Mesmo que a SQM e a Albemarle tenham licenças ambientais para operar no Salar do Atacama, o aumento da produção poderia ser um problema. Cada novo investimento deve ser aprovado por uma agência ambiental nacional, porém para os especialistas consultados, a longo prazo, uma atenção maior é imprescindível.
“O governo deveria definir um esquema de extração para explorar o mineral”, afirmou Reyes. “Além disso, a exploração do lítio tem que ser feita rigorosamente dentro das leis ambientais, porque desobedecê-las pode ter um preço alto”.
Para obter o lítio, é preciso extrair a salmoura que contém, entre outros sais de lítio, sulfato duplo de lítio e potássio. A técnica exige grandes quantidades de água com metais dissolvidos.
São milhões de metros cúbicos submetidos a um processo de enriquecimento em enormes piscinas abertas, onde o líquido é deixado para evaporar com o calor do deserto. Assim a concentração de lítio sobe de 1% para 6%.

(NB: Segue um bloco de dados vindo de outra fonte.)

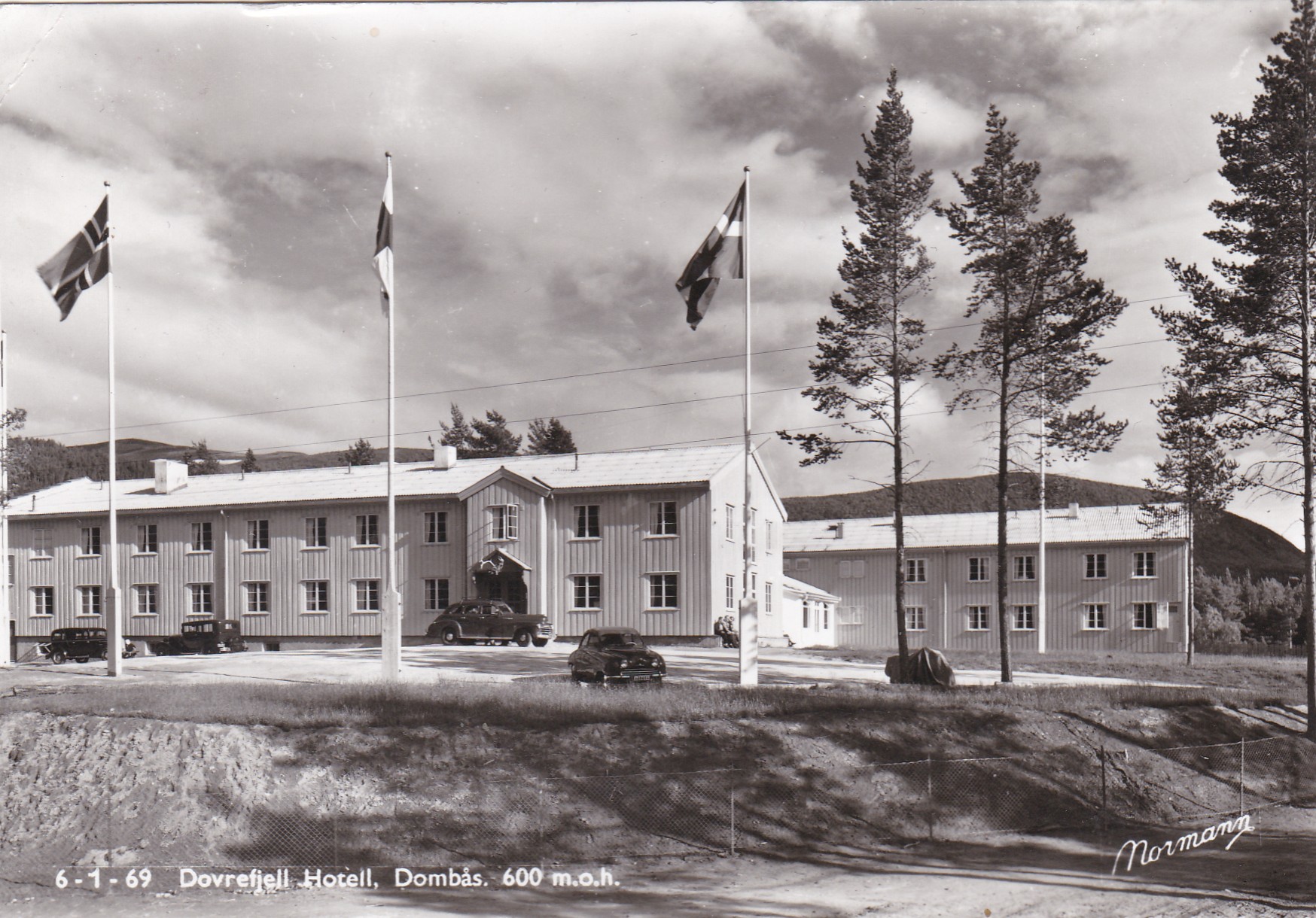 Dovrefjell Hotell, Dombås ( Normann 6-1-69)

Como não há chuva e o ambiente é seco, elas não constituem um risco para o meio ambiente
O processo termina em uma planta de produção fechada, com químicos. No final, obtém-se o lítio processado, mas também toneladas sólidas de sais menos solúveis, como magnésio e cálcio, que voltam a ser depositadas no mesmo salar.

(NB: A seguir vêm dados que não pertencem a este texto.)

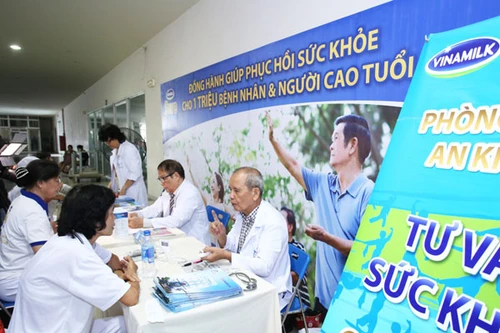 Vinamilk Sure Prevent đồng hành chăm sóc sức khỏe cho 4.000 người cao tuổi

“Como não há chuva e o ambiente é seco, elas não constituem um risco para o meio ambiente”, assegurou Álvaro Videla, professor de engenharia de minas da Universidade Católica do Chile.
O maior impacto está na própria extração da salmoura, acrescentou o especialista. “Esse procedimento implica bombear uma grande quantidade de água para fora do salar, razão pela qual é fundamental um bom controle do modelo hídrico da zona”, acrescentou.

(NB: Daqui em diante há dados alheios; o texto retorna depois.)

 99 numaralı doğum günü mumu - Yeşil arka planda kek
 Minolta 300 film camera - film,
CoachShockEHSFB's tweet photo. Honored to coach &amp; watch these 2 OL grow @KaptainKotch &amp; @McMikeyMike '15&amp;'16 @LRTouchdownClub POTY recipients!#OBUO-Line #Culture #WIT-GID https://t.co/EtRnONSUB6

Apesar de ser o deserto mais árido do mundo, áreas com água superficial e aquíferos são parte do sistema do salar, além de vitais para a existência das comunidades e da biodiversidade da região.
“A extração deve ser limitada e, por fim, [deve-se] atualizar os contratos, enquanto avança o conhecimento para chegar a um equilíbrio hídrico”, informou Videla.
Um dos grandes problemas é a falta de informação.
“As opiniões científicas falam de um problema complexo, pois os glaciares que alimentam o sistema do salar são diferentes e se comportam de maneiras diferentes”, relatou César Padilla, coordenador do Observatório de Conflitos Mineiros da América Latina (OCMAL).
A princípio, seria possível pensar que dobrar a extração do metal duplicaria também seus impactos, mas não é necessariamente assim, aponta o especialista. Os trabalhos da SQM e da Albemarle implicam uma extração diária de aproximadamente 200 milhões de litros de água (doce e salgada).
Ambas as empresas foram consultadas pelo Diálogo Chino sobre as medidas que tomam para diminuir o impacto de seus trabalhos no meio ambiente, e nenhuma se dispôs a responder.
A sustentabilidade da extração do lítio sofre hoje de uma grande dificuldade: o custo das tecnologias que têm menos impacto no meio ambiente. Mas talvez o próprio meio ambiente force uma mudança.
“O método de extração atual depende da disponibilidade de água do salar, e com as mudanças climáticas, ela será cada vez mais escassa”, lembra Videla.
Atualmente, só as mudanças de estações podem fazer variar a produção entre 30% e 40%. Esta diferença deve crescer ostensivamente.
“A exploração do recurso hoje aproveita a alta demanda mundial, porém deixando de lado as consequências para os ecossistemas”, reafirmou Padilla.
Fernando Reyes concorda.
“Com o lítio, não devem ser tomadas decisões pontuais”, disse. “Devemos adotar uma estratégia de desenvolvimento que atenda o máximo aos interesses do Chile, tanto no presente como no futuro”.